(Beginning of RECORDED DATA)

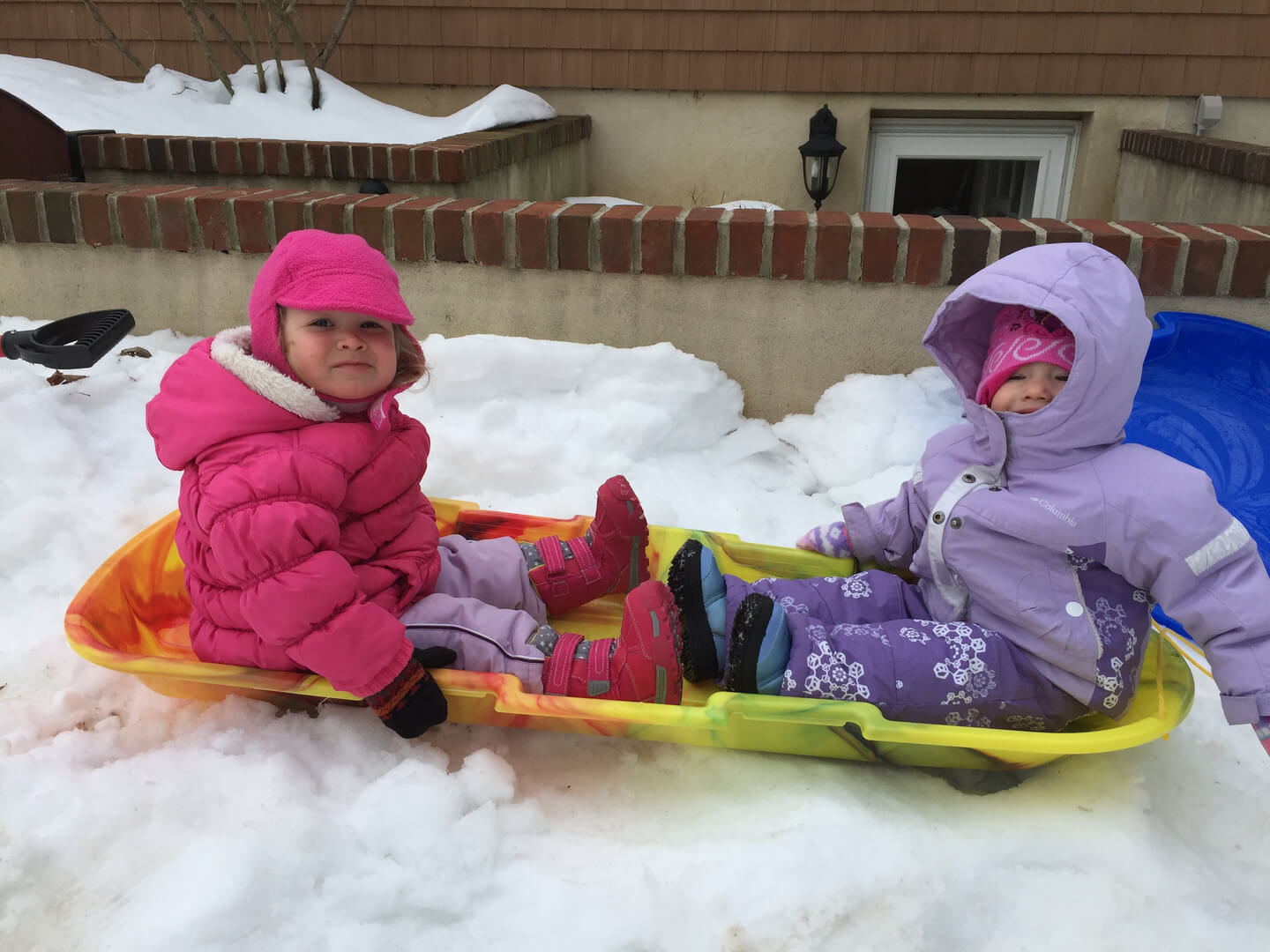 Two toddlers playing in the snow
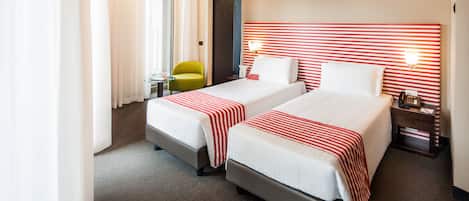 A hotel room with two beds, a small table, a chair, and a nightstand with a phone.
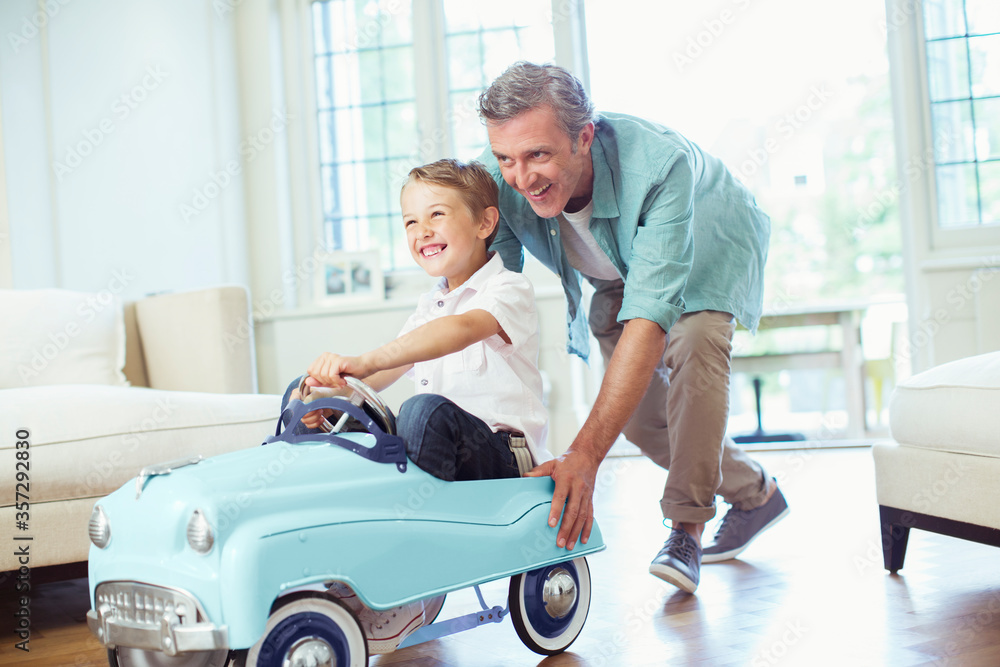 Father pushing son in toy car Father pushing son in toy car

(End of RECORDED DATA)

* WHAT THIS TASK INVOLVES: Omitting all pictures, set the listing down exactly.

* RESPONSE FOR THIS EXERCISE:
 Two toddlers playing in the snow
 A hotel room with two beds, a small table, a chair, and a nightstand with a phone.
 Father pushing son in toy car Father pushing son in toy car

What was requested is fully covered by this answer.